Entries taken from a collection
+++++
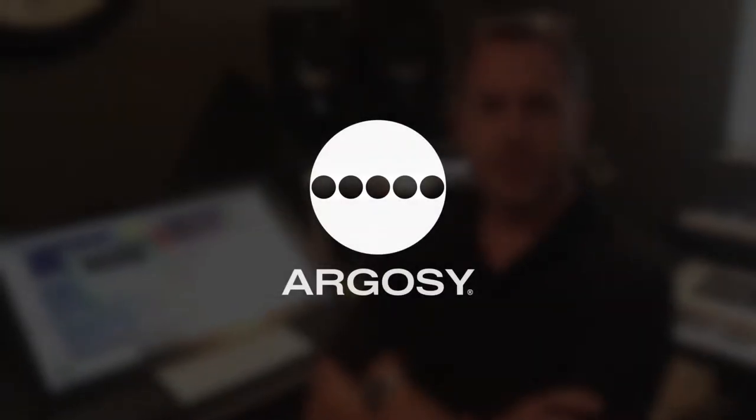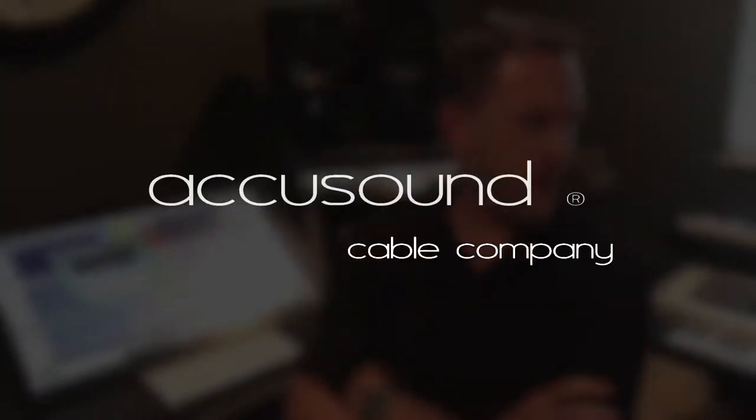It got to be a real source of frustration using just a hodgepodge of cables. We got a producer, a friend of ours who's been an Argosy client for a long time, and got a couple of cables to test out. I listened to him for a while and I don't have the tuned ear like a Nashville producer.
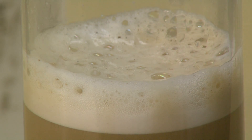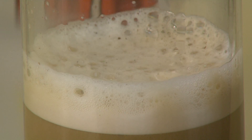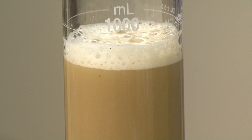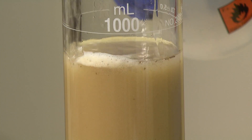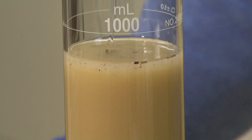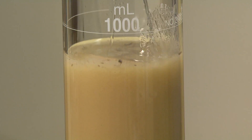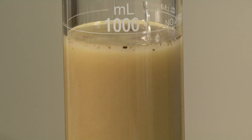Occasionally, some samples will generate a small amount of foam during the mixing process, which can obscure reading the hydrometer. Should this happen, the foam can be eliminated by adding a small amount of ethanol or a drop or two of amyl alcohol to the cylinder. This will reduce the surface tension of the foam's bubbles, causing them to burst and the foam to subside. This should be done prior to filling the cylinder to the 1,000 milliliter line.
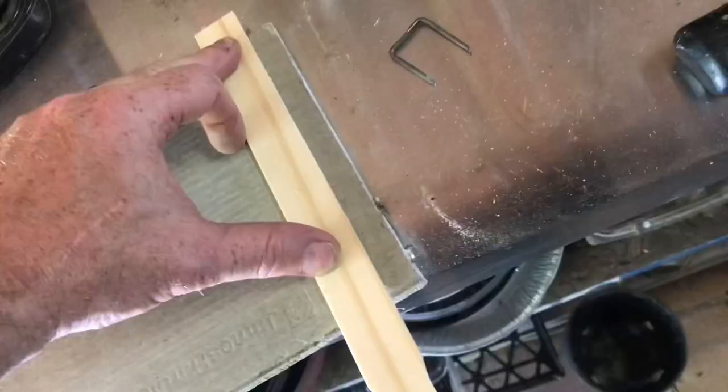Once you have the scratch pretty deep, turn it over and line up your straight edge. Scratch a mark on the other side — you can see the grooves are pretty deep.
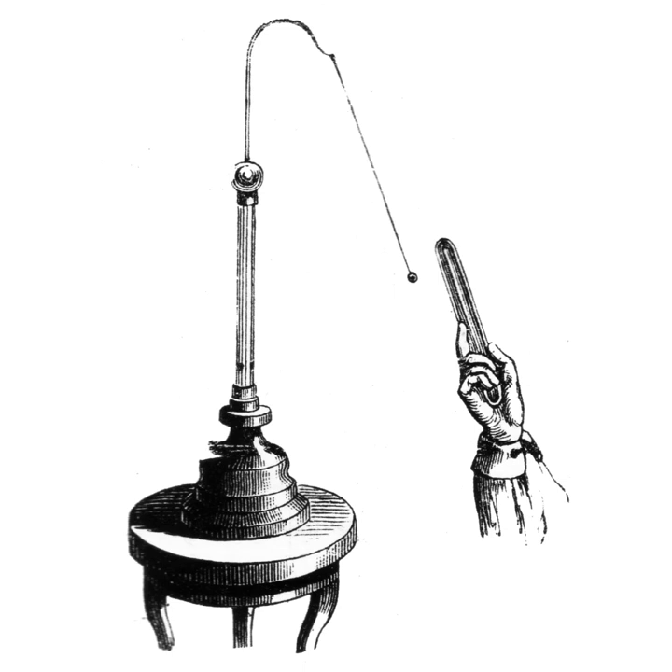The gold leaf electroscope was developed in 1787 by British clergyman and physicist Abraham Bennett, as a more sensitive instrument than pith ball or straw blade electroscopes then in use. It consists of a vertical metal rod, usually brass, from the end of which hang two parallel strips of thin flexible gold leaf. A disc or ball terminal is attached to the top of the rod, where the charge to be tested is applied.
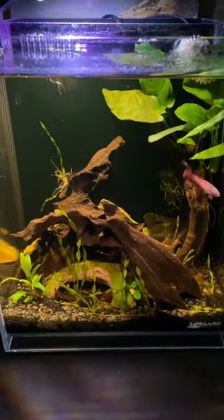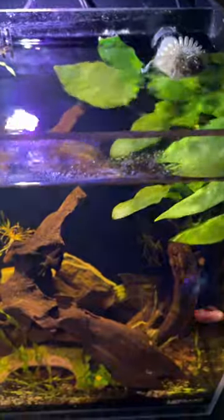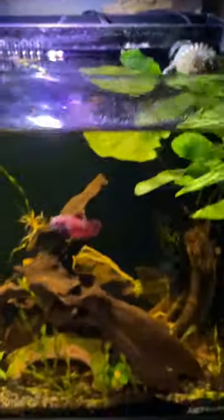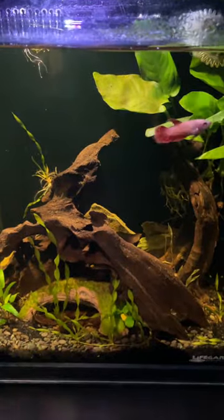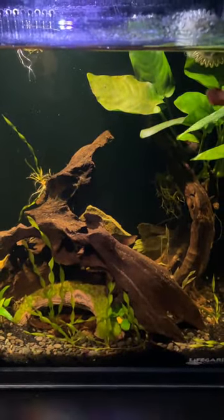If you've been keeping a betta in an all-in-one tank and you're worried that the return might be too strong, here's a really simple solution. Take a piece of filter floss and a plastic hair tie and affix it to the return. It will slow down the water just enough so your betta is not blowing around. It's happy, it's healthy, and it's able to go to the surface and not expend too much energy to do so.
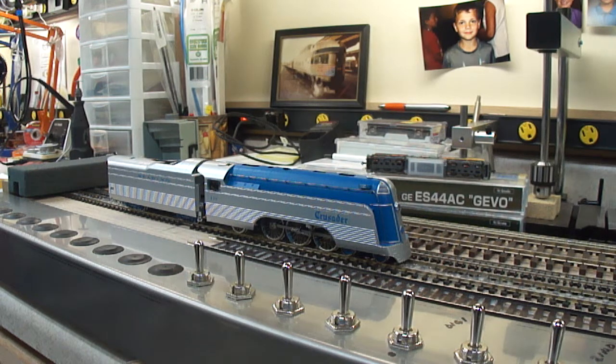This example is fitted with an ESU 73-400 LokSound Select Decoder. The model features an 8-pin NMRA connector, so it's a plug-and-play install. It has a sound chamber built in for a 28mm speaker, and we've put an ESU speaker in it.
+++++
Problem details
Send back the data above verbatim, leaving out its pictures.

Reply
It got to be a real source of frustration using just a hodgepodge of cables. We got a producer, a friend of ours who's been an Argosy client for a long time, and got a couple of cables to test out. I listened to him for a while and I don't have the tuned ear like a Nashville producer.
Occasionally, some samples will generate a small amount of foam during the mixing process, which can obscure reading the hydrometer. Should this happen, the foam can be eliminated by adding a small amount of ethanol or a drop or two of amyl alcohol to the cylinder. This will reduce the surface tension of the foam's bubbles, causing them to burst and the foam to subside. This should be done prior to filling the cylinder to the 1,000 milliliter line.
Once you have the scratch pretty deep, turn it over and line up your straight edge. Scratch a mark on the other side — you can see the grooves are pretty deep.
The gold leaf electroscope was developed in 1787 by British clergyman and physicist Abraham Bennett, as a more sensitive instrument than pith ball or straw blade electroscopes then in use. It consists of a vertical metal rod, usually brass, from the end of which hang two parallel strips of thin flexible gold leaf. A disc or ball terminal is attached to the top of the rod, where the charge to be tested is applied.
If you've been keeping a betta in an all-in-one tank and you're worried that the return might be too strong, here's a really simple solution. Take a piece of filter floss and a plastic hair tie and affix it to the return. It will slow down the water just enough so your betta is not blowing around. It's happy, it's healthy, and it's able to go to the surface and not expend too much energy to do so.
This example is fitted with an ESU 73-400 LokSound Select Decoder. The model features an 8-pin NMRA connector, so it's a plug-and-play install. It has a sound chamber built in for a 28mm speaker, and we've put an ESU speaker in it.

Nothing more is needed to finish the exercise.